The problem: Read through the lines below and copy the ones holding the string "Used".

Material provided:
· · · ·

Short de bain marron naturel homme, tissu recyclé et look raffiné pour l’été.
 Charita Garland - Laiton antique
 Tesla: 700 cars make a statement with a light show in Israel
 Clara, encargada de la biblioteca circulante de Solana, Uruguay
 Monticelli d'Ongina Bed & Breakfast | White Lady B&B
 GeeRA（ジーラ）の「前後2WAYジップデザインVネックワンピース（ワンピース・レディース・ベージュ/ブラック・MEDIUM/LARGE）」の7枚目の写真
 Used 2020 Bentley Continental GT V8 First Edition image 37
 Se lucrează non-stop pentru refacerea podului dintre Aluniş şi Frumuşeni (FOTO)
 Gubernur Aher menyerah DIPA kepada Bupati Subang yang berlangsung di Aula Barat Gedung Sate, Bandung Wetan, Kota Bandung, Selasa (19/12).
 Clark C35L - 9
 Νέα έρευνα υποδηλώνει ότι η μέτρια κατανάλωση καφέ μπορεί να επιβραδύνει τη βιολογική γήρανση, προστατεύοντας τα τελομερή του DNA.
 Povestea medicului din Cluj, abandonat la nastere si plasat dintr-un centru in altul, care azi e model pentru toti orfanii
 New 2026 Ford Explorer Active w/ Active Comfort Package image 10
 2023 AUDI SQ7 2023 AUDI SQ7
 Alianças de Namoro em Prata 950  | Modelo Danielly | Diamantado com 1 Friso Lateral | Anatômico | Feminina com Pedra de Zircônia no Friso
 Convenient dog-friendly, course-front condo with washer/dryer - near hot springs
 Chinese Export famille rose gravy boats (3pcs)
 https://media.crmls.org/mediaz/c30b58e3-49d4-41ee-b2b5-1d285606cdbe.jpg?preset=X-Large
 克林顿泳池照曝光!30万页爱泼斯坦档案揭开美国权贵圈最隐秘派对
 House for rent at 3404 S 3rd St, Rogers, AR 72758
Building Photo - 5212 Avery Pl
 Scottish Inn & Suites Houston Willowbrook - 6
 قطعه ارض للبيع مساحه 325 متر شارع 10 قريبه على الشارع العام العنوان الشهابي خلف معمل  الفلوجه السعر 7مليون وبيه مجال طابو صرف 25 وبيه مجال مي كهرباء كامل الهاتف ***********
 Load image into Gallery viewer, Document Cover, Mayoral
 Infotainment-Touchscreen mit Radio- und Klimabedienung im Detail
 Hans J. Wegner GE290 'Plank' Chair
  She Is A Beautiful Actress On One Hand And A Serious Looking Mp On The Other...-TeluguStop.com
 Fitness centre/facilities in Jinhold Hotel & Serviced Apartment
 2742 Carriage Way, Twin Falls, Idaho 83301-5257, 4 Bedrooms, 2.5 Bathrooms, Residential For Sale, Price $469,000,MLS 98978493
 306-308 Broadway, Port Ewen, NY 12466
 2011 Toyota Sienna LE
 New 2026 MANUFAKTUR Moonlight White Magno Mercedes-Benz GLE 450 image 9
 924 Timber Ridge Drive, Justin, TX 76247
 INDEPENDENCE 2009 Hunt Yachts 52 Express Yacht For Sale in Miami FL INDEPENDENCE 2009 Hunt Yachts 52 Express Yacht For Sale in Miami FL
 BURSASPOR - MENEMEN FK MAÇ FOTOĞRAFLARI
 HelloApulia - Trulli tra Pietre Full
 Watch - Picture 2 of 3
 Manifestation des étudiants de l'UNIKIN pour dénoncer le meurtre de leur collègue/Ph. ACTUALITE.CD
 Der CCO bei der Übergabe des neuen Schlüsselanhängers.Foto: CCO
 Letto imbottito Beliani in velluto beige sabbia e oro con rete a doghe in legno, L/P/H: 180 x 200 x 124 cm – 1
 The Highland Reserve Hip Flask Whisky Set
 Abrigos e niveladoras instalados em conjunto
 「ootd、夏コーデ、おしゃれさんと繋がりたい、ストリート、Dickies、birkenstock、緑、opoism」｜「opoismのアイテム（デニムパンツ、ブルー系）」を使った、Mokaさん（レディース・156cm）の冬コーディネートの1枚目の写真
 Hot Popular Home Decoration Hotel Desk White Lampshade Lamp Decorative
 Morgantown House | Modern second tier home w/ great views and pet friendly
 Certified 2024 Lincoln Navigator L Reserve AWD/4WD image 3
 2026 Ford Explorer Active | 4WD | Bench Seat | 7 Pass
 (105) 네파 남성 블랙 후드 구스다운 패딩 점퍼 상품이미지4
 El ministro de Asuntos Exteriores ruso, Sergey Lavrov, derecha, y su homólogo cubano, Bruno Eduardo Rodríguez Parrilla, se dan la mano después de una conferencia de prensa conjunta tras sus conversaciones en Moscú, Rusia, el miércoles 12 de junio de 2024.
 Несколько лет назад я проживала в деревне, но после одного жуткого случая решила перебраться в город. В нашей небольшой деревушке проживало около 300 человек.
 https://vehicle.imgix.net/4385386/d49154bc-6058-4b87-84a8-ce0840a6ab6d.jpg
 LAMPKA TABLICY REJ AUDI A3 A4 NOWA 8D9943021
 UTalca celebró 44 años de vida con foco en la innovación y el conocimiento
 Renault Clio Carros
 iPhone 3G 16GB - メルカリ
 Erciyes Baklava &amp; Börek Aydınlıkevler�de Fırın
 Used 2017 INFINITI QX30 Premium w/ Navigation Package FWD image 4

· · · ·

Reply to the task:
 Used 2020 Bentley Continental GT V8 First Edition image 37
 Used 2017 INFINITI QX30 Premium w/ Navigation Package FWD image 4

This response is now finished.